* _Directions_: Could you output, exactly and with nothing else, every line from the one that contains "Nanette Lepore flowered" through the last line of the listing below?

►

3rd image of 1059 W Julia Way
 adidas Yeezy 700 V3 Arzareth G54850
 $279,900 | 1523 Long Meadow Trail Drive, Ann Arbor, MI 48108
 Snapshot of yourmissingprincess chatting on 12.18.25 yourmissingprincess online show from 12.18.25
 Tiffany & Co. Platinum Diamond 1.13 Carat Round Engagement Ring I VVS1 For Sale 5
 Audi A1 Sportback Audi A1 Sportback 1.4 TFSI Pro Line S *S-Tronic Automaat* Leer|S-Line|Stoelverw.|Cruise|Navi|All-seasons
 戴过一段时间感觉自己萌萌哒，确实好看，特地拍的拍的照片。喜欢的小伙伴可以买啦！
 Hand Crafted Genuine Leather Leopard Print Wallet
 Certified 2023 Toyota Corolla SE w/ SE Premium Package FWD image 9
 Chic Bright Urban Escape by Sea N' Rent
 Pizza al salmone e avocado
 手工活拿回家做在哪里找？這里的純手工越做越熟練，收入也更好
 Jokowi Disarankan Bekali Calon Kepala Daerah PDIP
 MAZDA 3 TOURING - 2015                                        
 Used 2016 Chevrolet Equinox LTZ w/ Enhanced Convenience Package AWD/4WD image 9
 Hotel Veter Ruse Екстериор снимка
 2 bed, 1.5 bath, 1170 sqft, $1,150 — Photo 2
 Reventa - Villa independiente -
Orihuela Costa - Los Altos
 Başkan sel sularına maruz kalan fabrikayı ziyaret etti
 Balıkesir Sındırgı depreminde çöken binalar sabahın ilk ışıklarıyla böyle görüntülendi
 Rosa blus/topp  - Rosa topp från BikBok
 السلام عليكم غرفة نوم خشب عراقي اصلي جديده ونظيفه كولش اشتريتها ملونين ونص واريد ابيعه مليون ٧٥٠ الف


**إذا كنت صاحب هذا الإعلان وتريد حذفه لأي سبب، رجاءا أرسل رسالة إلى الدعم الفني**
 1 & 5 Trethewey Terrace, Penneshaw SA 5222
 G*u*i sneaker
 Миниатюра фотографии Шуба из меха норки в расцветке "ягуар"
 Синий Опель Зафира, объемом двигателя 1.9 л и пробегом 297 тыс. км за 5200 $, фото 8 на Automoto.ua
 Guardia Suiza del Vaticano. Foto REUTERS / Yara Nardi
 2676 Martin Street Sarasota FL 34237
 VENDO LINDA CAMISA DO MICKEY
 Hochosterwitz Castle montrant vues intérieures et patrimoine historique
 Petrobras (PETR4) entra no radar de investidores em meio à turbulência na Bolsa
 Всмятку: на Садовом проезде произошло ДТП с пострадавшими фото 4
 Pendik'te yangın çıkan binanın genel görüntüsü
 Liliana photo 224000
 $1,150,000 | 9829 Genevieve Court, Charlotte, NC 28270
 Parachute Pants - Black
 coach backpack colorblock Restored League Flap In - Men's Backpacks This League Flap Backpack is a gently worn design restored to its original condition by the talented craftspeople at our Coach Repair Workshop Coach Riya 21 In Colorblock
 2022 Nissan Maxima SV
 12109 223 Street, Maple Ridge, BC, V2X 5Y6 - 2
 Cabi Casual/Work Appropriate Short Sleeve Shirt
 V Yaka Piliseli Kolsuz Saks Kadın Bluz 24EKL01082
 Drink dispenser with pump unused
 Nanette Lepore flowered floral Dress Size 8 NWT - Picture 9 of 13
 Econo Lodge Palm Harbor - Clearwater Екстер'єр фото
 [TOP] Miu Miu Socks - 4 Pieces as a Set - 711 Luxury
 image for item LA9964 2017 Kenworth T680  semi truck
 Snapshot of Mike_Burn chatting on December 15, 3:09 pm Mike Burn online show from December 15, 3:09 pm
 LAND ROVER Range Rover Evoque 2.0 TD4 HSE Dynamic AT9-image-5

◄

* _Exercise solution_:
 Nanette Lepore flowered floral Dress Size 8 NWT - Picture 9 of 13
 Econo Lodge Palm Harbor - Clearwater Екстер'єр фото
 [TOP] Miu Miu Socks - 4 Pieces as a Set - 711 Luxury
 image for item LA9964 2017 Kenworth T680  semi truck
 Snapshot of Mike_Burn chatting on December 15, 3:09 pm Mike Burn online show from December 15, 3:09 pm
 LAND ROVER Range Rover Evoque 2.0 TD4 HSE Dynamic AT9-image-5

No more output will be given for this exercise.